----- Extracted data
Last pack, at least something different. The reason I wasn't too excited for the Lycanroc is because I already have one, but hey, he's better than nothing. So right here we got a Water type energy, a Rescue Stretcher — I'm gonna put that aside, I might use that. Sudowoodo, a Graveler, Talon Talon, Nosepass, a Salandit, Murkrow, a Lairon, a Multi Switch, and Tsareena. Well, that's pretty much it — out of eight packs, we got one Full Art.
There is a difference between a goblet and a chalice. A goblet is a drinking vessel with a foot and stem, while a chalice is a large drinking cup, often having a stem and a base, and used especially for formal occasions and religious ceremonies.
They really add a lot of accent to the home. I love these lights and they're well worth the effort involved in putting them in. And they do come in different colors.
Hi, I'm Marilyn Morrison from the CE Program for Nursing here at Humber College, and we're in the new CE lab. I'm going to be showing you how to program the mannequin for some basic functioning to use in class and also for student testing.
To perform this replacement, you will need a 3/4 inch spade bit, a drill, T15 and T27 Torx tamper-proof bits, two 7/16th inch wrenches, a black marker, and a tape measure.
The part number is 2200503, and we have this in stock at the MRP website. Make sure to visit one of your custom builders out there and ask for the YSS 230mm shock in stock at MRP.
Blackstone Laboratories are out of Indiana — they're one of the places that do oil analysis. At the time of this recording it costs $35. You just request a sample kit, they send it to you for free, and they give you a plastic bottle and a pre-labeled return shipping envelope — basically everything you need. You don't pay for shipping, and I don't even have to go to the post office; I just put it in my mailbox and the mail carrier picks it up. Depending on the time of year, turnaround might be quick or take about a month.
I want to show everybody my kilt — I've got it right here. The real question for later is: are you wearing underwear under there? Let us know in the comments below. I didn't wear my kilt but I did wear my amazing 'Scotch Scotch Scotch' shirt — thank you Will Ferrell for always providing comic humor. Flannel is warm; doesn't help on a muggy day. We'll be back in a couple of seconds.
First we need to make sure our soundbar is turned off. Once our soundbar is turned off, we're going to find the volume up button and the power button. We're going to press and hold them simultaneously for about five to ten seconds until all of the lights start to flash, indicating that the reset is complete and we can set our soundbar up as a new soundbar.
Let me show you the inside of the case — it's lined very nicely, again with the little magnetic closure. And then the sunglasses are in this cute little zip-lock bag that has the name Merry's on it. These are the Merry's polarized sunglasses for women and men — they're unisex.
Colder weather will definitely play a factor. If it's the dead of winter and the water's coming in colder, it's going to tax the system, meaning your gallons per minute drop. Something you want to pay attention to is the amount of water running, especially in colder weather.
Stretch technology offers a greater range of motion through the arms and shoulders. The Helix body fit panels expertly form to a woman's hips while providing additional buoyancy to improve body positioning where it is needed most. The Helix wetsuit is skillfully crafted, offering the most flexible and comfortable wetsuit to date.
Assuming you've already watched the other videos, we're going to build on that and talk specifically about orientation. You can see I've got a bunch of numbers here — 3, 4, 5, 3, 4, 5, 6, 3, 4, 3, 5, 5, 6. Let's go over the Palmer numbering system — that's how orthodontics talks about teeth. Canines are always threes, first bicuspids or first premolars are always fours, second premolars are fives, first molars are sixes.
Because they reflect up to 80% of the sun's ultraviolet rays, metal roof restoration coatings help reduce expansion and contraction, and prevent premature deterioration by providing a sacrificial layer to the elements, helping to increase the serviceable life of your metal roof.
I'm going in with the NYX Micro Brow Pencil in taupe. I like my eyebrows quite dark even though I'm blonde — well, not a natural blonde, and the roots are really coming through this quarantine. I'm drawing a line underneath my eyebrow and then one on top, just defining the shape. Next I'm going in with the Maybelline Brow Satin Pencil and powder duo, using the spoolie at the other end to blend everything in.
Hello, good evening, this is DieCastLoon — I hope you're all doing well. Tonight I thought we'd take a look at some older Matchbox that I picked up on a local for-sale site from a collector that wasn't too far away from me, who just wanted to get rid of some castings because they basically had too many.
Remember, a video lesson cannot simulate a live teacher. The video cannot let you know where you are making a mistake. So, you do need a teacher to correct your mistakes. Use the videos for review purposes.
----------
### Your task
Transcribe only the lines from the beginning of the entries to the line with "The part number", inclusive, exactly as written.

### Task response
Last pack, at least something different. The reason I wasn't too excited for the Lycanroc is because I already have one, but hey, he's better than nothing. So right here we got a Water type energy, a Rescue Stretcher — I'm gonna put that aside, I might use that. Sudowoodo, a Graveler, Talon Talon, Nosepass, a Salandit, Murkrow, a Lairon, a Multi Switch, and Tsareena. Well, that's pretty much it — out of eight packs, we got one Full Art.
There is a difference between a goblet and a chalice. A goblet is a drinking vessel with a foot and stem, while a chalice is a large drinking cup, often having a stem and a base, and used especially for formal occasions and religious ceremonies.
They really add a lot of accent to the home. I love these lights and they're well worth the effort involved in putting them in. And they do come in different colors.
Hi, I'm Marilyn Morrison from the CE Program for Nursing here at Humber College, and we're in the new CE lab. I'm going to be showing you how to program the mannequin for some basic functioning to use in class and also for student testing.
To perform this replacement, you will need a 3/4 inch spade bit, a drill, T15 and T27 Torx tamper-proof bits, two 7/16th inch wrenches, a black marker, and a tape measure.
The part number is 2200503, and we have this in stock at the MRP website. Make sure to visit one of your custom builders out there and ask for the YSS 230mm shock in stock at MRP.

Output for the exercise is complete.